Chegou então a Quaresma de 2018 “e Deus foi me mostrando que minha vida estava muito cômoda, que o tempo de cura já tinha passado e que o sacerdócio era realmente o que eu queria”.

“Todo o tempo de Quaresma deste ano eu fui esperando a Páscoa, quarenta dias que fui perguntando a Deus o que queria de mim: ‘se é ser padre outra vez, que na Páscoa o Senhor me diga’”, disse.

Então, “no período de Páscoa, fui percebendo que eu era feliz como professor, sendo só o Guilherme, mas a minha felicidade como sacerdote era o que eu queria, o sacerdócio voltou a ser algo que eu queria”.

Falou com o Bispo sobre esta decisão e que estava disposto a se “preparar para voltar”, sem saber ainda quando. “Foram esses meses esperando o Senhor mostrar o dia”, indicou.

Mais tarde, um novo toque da providência divina se fez ver na vida deste sacerdote. “Quando falei para o Bispo que queria conversar com ele, dez minutos antes ele tinha recebido a ligação do Frei Augusto, responsável pelo Lar São João de Deus, dizendo que eles estavam sem padre e precisavam de um padre”. Agora, de volta ao sacerdócio, Pe. Guilherme irá servir como capelão neste lar de idosos.

No último dia 3 de junho, Pe. Guilherme retornou ao ministério sacerdotal com Missa presidida na sua paróquia de origem, Nossa Senhora de Lourdes, momento que, para ele, “foi um presente de Deus”.

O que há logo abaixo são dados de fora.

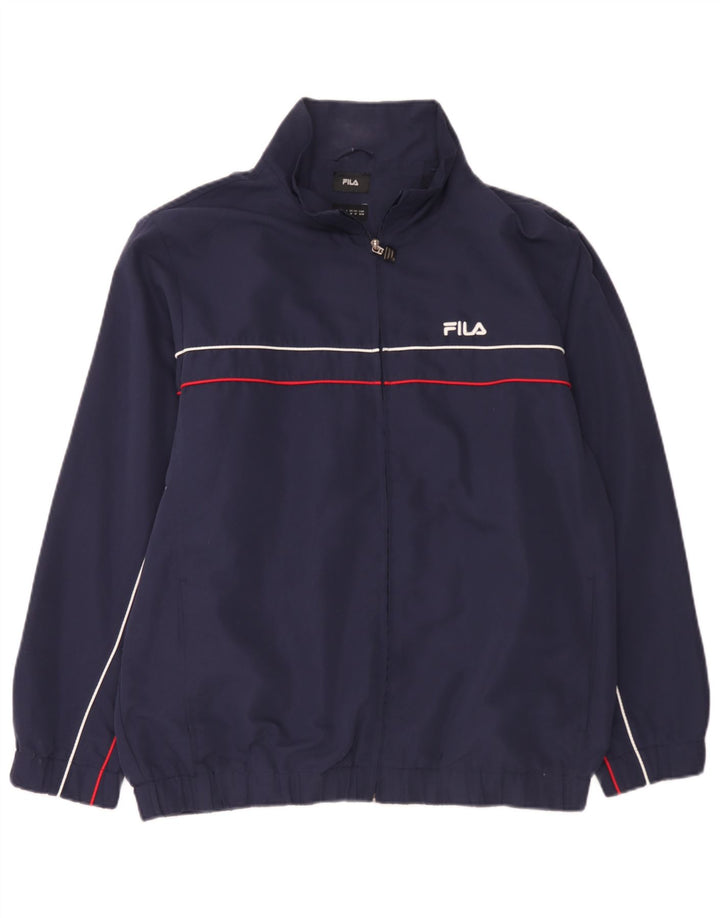 Jachetă Bomber pentru bărbați Fila, cu o formă lejeră, UK 38 Medium, bleumarin, poliester cu dungi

“Não tinha atinado que era o mês do Sagrado Coração, que eu ia celebrar no primeiro domingo do mês do Sagrado Coração. Nada disso havia sido planejado, simplesmente foram datas e vemos a providência de Deus em tudo”, disse.

Ao final da celebração, o sacerdote recebeu em procissão os membros do Apostolado da Oração, que beijaram suas mãos e lhe deram um abraço.

Membros do Apostolado da Oração saúdam Pe. Guilherme / Foto: Pascom Diocese de Petrópolis

“Esse Apostolado da Oração foi fundado uma semana antes de eu deixar o ministério. Então, sem eles saberem, a primeira intenção deles foi rezar por mim”, expressou à ACI Digital.

Ao assinalar que é importante rezar pelos sacerdotes, Pe. Guilherme ressalta que “os membros desse Apostolado não poderiam rezar para que alguém fosse algo”. “Hoje, eles têm o Padre Guilherme, porque rezaram para que eu fosse feliz. Esse é o fruto da oração deles. O Apostolado de Oração alcançou as suas preces na minha vida porque rezou para eu ser feliz”, completou.